Wenn die Pausenglocke läutet
Ein pyramidenförmiges Dach in einer fachwerkartigen Holz-Konstruktion bildet einen Raum von festlicher Grandeur. Genau das hatten die Architekten von Maccreanor Lavington für die neue Schulkantine der Ibstock Place School im Sinn.
Lange, triste Gänge, hinter deren Türen die immer gleichen Klassenzimmer. Und über allem liegt eine Angespanntheit, die sich bis in den letzten Winkel zieht. So erinnern sich wohl viele an ihre Schule aus Kindheitstagen. Während der große Bestand der Bildungsanstalten seinen baulichen und pädagogischen Schatten bis in die Gegenwart wirft, bringt die moderne Schularchitektur neue Ansätze für den Unterrichtsalltag hervor. An der Schnittstelle von Pädagogik und Architektur entstehen inhaltliche und räumliche Konzepte, die von allen Beteiligten auf Augenhöhe neu verhandelt werden. Das Ziel ist für Architekten, Bauherrschaft, Schüler und Lehrpersonal gleichermaßen klar: Die Schule von morgen soll ein erbaulicher Ort sein.
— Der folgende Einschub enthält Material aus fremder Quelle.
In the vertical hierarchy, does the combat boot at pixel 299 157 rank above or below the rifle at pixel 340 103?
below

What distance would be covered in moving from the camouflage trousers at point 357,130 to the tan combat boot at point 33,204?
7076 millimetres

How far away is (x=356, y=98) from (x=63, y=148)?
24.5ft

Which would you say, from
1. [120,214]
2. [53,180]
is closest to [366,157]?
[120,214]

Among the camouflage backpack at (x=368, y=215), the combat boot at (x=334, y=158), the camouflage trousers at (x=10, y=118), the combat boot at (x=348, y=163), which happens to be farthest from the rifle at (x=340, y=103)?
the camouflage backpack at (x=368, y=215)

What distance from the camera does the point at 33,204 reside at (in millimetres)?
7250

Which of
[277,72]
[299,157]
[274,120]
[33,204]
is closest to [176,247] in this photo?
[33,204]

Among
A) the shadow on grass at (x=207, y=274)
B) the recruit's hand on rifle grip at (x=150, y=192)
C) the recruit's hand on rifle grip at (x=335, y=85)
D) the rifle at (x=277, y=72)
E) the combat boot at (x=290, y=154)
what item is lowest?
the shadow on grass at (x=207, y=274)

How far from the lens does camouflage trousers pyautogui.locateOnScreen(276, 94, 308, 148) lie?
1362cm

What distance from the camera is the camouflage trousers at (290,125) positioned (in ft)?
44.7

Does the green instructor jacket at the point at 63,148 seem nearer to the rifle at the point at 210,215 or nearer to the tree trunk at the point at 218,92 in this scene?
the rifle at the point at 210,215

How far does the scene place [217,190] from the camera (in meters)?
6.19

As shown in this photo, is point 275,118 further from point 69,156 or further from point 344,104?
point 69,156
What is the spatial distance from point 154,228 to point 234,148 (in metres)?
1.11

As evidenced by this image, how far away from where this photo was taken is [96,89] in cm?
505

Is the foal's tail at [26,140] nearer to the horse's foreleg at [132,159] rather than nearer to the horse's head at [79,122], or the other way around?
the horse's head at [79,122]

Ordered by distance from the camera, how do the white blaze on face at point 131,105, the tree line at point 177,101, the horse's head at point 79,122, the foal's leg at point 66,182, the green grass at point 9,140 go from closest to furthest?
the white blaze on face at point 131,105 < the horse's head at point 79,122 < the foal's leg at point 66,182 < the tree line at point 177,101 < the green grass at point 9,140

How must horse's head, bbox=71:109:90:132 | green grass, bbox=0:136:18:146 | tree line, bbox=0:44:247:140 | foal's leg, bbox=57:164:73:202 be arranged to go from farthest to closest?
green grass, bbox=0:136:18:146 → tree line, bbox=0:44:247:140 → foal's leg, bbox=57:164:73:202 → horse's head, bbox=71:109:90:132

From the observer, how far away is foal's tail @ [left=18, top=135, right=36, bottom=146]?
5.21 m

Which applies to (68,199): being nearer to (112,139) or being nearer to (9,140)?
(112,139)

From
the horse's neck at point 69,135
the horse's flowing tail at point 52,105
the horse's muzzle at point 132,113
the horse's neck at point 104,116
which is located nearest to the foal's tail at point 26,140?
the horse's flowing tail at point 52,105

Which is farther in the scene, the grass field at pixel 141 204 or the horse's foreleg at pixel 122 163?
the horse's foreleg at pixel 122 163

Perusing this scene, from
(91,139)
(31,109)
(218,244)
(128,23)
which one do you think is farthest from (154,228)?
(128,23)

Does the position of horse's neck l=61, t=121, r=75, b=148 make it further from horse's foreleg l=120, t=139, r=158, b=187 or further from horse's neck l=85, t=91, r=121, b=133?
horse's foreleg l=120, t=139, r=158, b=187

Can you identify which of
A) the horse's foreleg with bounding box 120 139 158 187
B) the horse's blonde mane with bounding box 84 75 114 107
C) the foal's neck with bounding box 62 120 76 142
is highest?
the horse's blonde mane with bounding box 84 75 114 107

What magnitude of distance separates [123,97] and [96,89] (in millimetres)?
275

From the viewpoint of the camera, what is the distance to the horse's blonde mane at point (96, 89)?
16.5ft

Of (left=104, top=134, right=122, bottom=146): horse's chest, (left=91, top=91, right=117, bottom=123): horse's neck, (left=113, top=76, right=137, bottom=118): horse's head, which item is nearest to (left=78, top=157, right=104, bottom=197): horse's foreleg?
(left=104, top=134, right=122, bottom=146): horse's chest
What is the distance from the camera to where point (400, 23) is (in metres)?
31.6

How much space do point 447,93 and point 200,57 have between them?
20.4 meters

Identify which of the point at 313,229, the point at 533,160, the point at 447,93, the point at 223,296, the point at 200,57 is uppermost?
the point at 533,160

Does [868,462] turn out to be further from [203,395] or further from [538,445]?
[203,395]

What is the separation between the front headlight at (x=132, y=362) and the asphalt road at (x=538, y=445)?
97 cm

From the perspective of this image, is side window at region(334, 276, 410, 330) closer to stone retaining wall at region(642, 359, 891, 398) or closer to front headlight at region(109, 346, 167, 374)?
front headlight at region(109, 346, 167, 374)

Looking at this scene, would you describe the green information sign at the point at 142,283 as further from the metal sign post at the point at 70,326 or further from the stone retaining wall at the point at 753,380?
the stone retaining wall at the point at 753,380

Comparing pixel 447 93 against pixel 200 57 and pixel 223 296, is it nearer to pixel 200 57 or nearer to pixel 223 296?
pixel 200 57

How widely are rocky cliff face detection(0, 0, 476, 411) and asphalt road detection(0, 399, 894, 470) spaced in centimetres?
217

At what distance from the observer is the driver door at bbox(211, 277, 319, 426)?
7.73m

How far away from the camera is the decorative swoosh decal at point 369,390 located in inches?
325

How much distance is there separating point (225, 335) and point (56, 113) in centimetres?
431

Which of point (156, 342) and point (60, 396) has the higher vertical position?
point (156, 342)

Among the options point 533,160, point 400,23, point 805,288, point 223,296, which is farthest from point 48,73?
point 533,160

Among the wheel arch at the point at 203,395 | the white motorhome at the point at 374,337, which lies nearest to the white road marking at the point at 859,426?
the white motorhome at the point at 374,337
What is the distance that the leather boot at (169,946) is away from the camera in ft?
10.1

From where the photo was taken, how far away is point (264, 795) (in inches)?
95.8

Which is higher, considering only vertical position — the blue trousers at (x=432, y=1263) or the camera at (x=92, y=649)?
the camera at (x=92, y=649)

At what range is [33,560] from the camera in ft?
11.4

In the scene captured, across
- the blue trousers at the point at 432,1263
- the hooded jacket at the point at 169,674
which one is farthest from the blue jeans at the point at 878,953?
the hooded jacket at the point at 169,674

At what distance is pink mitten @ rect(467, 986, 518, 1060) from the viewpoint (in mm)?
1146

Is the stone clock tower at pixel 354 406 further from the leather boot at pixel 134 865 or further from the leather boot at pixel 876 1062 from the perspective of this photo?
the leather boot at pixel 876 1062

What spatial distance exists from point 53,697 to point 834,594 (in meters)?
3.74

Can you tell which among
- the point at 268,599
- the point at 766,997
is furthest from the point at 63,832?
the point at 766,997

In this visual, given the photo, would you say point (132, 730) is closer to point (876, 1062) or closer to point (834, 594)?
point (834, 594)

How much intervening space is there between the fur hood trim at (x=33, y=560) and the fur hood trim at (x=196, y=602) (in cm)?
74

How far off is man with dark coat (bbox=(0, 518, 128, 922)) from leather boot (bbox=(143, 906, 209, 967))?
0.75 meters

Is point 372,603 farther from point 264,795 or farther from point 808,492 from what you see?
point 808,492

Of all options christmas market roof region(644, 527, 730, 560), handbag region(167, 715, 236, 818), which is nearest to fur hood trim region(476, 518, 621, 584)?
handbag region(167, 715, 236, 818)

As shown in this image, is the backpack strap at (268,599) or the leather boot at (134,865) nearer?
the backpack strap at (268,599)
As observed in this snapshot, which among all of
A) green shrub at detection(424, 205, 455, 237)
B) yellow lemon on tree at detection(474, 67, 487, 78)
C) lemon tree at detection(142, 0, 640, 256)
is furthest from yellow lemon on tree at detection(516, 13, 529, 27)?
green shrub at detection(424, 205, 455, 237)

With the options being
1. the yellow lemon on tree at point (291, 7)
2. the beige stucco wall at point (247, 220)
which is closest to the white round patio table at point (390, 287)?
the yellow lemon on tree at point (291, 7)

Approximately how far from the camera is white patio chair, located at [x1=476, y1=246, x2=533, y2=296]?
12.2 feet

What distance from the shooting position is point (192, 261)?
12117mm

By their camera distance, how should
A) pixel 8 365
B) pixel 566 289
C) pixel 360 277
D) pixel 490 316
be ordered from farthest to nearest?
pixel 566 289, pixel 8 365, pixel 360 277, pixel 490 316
Unser Augenmerk lag darauf, einen ruhigen und beschaulichen Raum zu kreieren, den seine Nutzer genießen können.
Dieser Ansicht waren auch die britischen Architekten von Maccreanor Lavington, als sie ihren Entwurf für den neuen Speisesaal der Ibstock Place School erarbeiteten. Mittlerweile bildet das von ihnen erdachte Trio an Baukörpern den östlichen Grundstücksrand der Privatschule in Roehampton, einem Stadtteil im Südwesten von London. Mit seiner Backsteinfassade und der pyramidenförmigen Dachtypologie zitiert es nach außen hin den historischen Bestand des edwardianischen Haupthauses.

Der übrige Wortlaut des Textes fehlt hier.